Je lui donne une seconde vie, il a presque valeur de reportage.
C’est l’ami Roger Z. qui m’avait envoyé quelques photos anciennes pensant que j’en ferais bon usage. Mon attention s’est portée sur la marchande d’Arlequins. (C’était plus souvent marchande que marchand)

Ce jour de février, le temps était maussade, la grêle tambourinait sur les vieux ustensiles laissés dehors depuis belle lurette. Le feu de cheminée racontait ses histoires anciennes à travers flammes et tisons. Une gerbe d’étincelles était feu d’artifice à la Saint Laurent, un charbon endormi, recouvert de cendre, devenait neige poudreuse et le tison qui bavait avec un léger « frissement » (verbe inventé dont le sens est induit, implicite) réveillait la coulée de la rivière que j’écoutais en traquant la truite.

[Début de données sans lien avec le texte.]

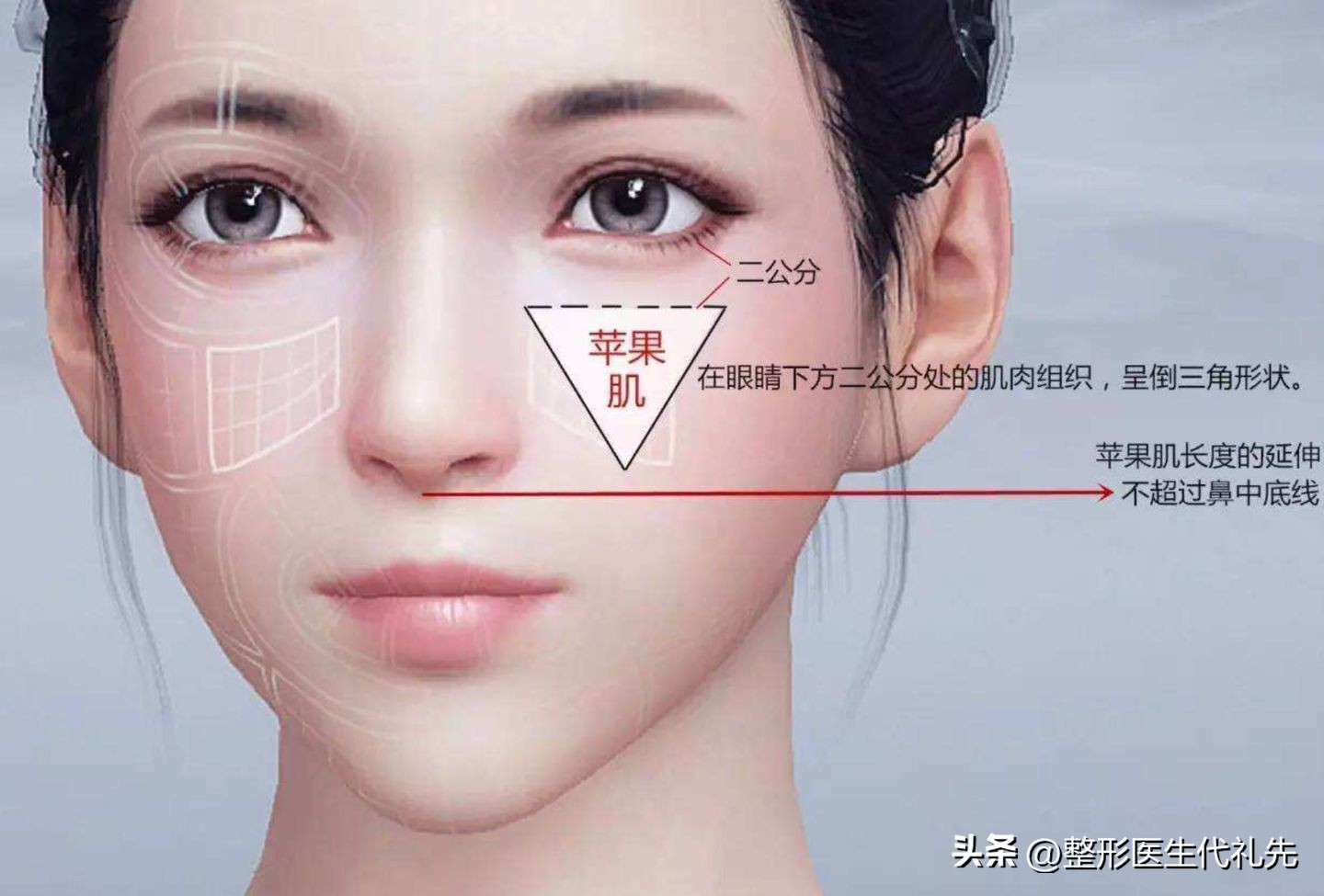 脂肪填充苹果肌刚填充的效果,填充苹果肌用什么填充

La flamme jaune, orange, et bleutée par endroits, se faisait danseuse gitane d’un timide flamenco…

La carte postale gisait sur la table basse, elle traînait là dans l’attente d’une idée, d’un voyage dans le temps au cœur du vieux Paname.

La marchande d’Arlequins.
Un métier surprenant, inattendu, qui consistait à récupérer les repas de la veille dans des familles riches ou des restaurants. Ces restes appelés également rogatons était transportés dans des carrioles aérées puis nettoyés, triés et réorganisés de manière appétissante ou attractive, à l’abri des regards, pour être plus présentables et donc plus facilement vendables. C’est cette composition des repas, un peu au hasard en fonction des viandes et autres ingrédients récoltés, qui a valu le nom de « marchand d’Arlequins » en référence au costume coloré du personnage de la Commedia dell’arte. Les moyens de conservation des aliments cuisinés n’étaient pas encore d’actualité, la marchandise devait disparaître le plus rapidement possible. Entre midi et treize heures tout était vendu. D’abord à des riches radins plus ou moins abonnés, puis au tout venant, ouvrier modeste peu argenté qui préférait se nourrir ainsi à peu de frais. Les derniers reliefs disparaissaient pour nourrir des chiens de luxe. Et les os, parait-il, revenaient à des marchands de bouillons cubes ou de gélatine.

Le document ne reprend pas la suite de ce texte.